Posted at 12:41 PM, Dec 18, 2018
and last updated 2018-12-18 16:32:53-05

BALTIMORE — The 30-day window for the public to view and make comments on the Baltimore City watershed assessment of the north Lower Patapsco and Baltimore Harbor watershed has been extended an additional four weeks, the Baltimore City Department of Public Works announced Monday.

The new deadline for the comment period is 5 p.m. on Jan. 16, 2019. The previous deadline was 5 p.m. on Dec. 19.

“It’s for anybody with any interest in what’s going on with the watersheds,” said Jeffrey Raymond, the Chief of Communications and Community Affairs for the Baltimore DPW. “This is all part of what we go through as part of our stormwater permitting process.”

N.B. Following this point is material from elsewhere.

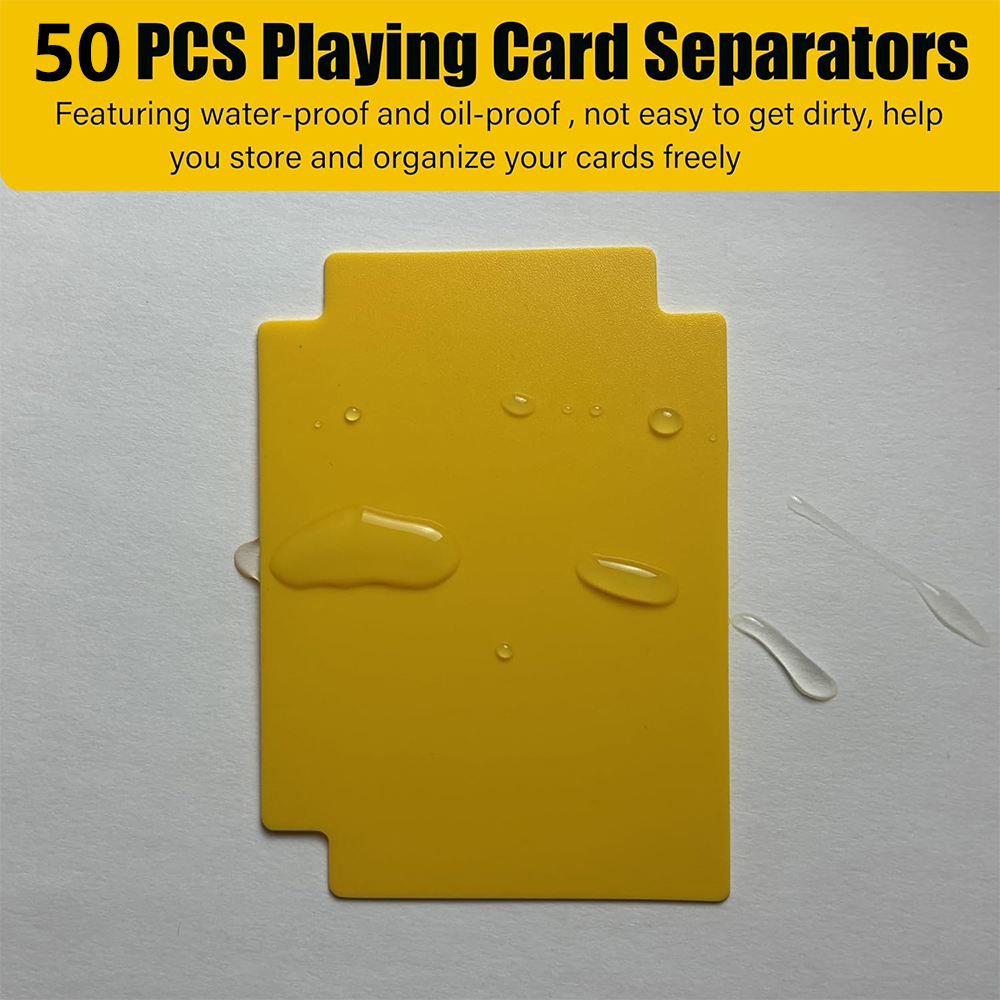 LMETJMA Trading Card Dividers  - Trading Card Binder avis et prix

While a thorough understanding of the plans might be more pertinent to those working in environmental advocacy or property development, the flow and management of water in the region has the potential to affect any resident.

“People don’t necessarily think of water if they live on dry land and not just near the harbor,” Raymond said. “Everybody lives in a watershed, so when it rains or it snows, that water goes somewhere.”

Often where that water goes can be impacted by impediments like development, trash, infrastructure, or potential chemical pollution.

“We take a hard look at these watersheds, all the different characteristics of the watersheds, and then make a plan to keep them as clean and as flood controlled as possible,” Raymond said.

The 71-page draft proposal for the Lower North Branch Patapsco Watershed Assessment can be viewed online here.

The 115-page Baltimore Harbor Watershed Assessment can be viewed online here.

A hard copy of the reports can be requested by contacting the Watershed Planning and Partnership Section at 410-396-0732 or emailing (subject line “Watershed Assessment Request).

Comments can be submitted by emailing (subject line: “Watershed Assessment Request”), or by mail at Baltimore City Department of Public Works, Office of Compliance and Laboratories, 3001 Druid Park Drive, Room 238, Baltimore, Md., 21214.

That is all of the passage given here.